Write out exactly the lines running from the one with "2Pcs/Set Vneck Bras" to the end of the data, including both of those lines and excluding pictures.

(Records for processing begins)

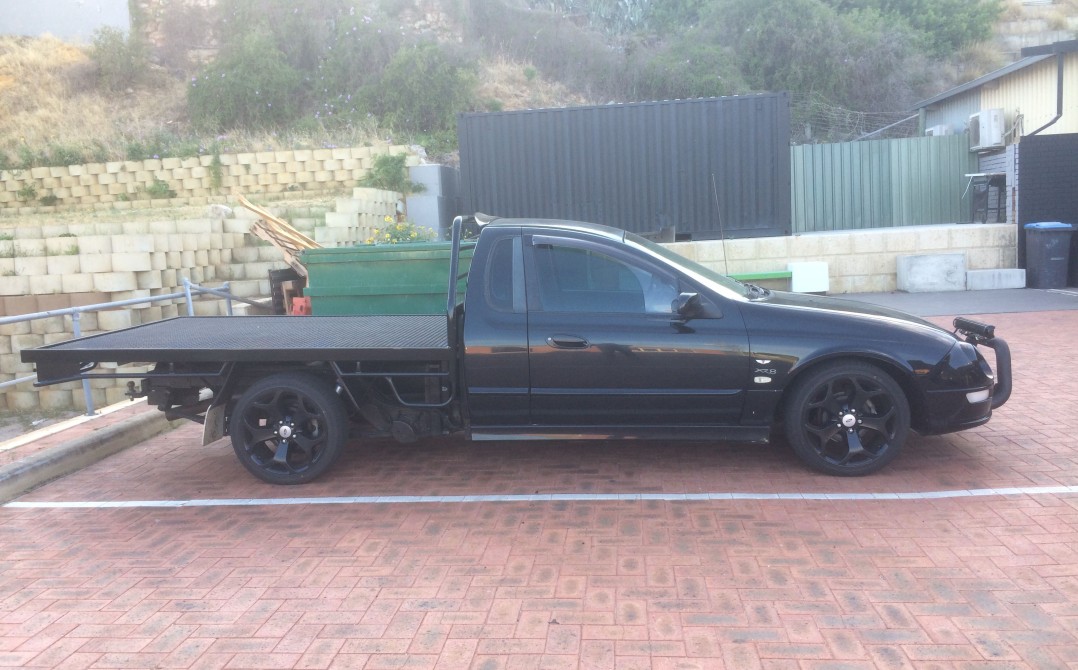 2002 Ford AU3 XR8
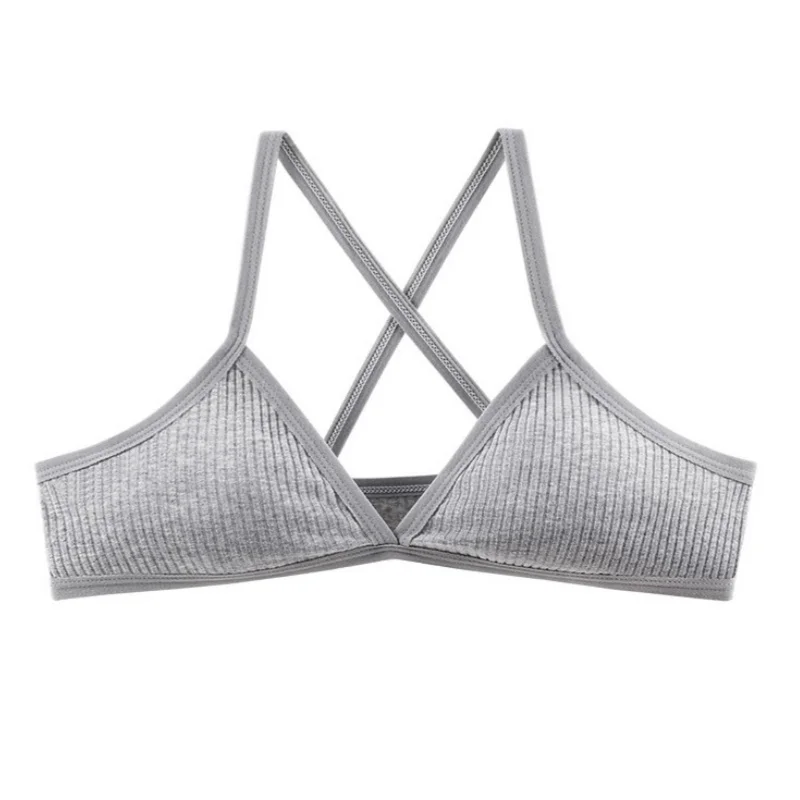 2Pcs/Set Vneck Bras For Women Push Up Bra Without Pad Sexy Lingerie Breathable Sports Wireless Seamless Underwear Bralette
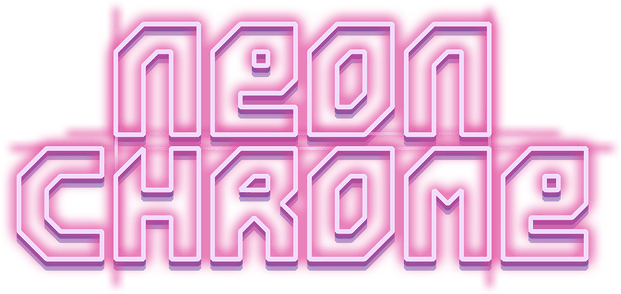 Логотип Neon Chrome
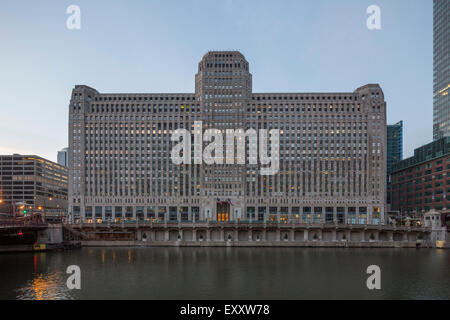 Merchandise Mart, Chicago, Illinois, USA Stockfoto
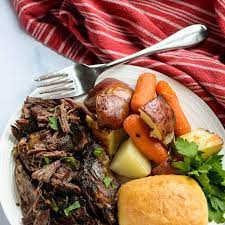 A braised cross rib chuck roast has plenty of flavorful gravy to accompany the tender beef. Lh3 Googleusercontent Com 6rbvrfkbukwikl06 Epfy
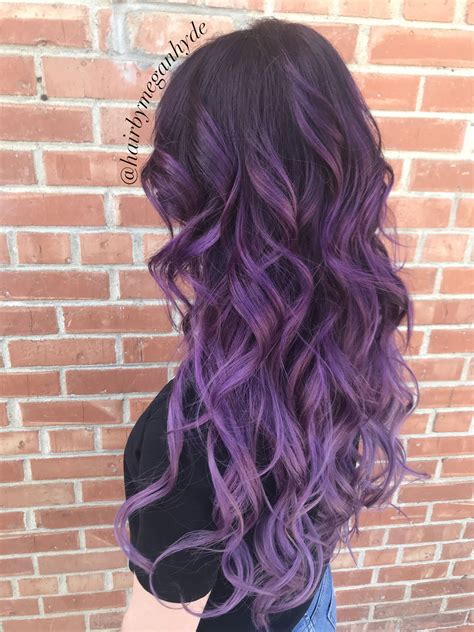 √ Vivid Purple Hair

(Records for processing ends)

:: Output for this exercise ::
 2Pcs/Set Vneck Bras For Women Push Up Bra Without Pad Sexy Lingerie Breathable Sports Wireless Seamless Underwear Bralette
 Логотип Neon Chrome
 Merchandise Mart, Chicago, Illinois, USA Stockfoto
 A braised cross rib chuck roast has plenty of flavorful gravy to accompany the tender beef. Lh3 Googleusercontent Com 6rbvrfkbukwikl06 Epfy
 √ Vivid Purple Hair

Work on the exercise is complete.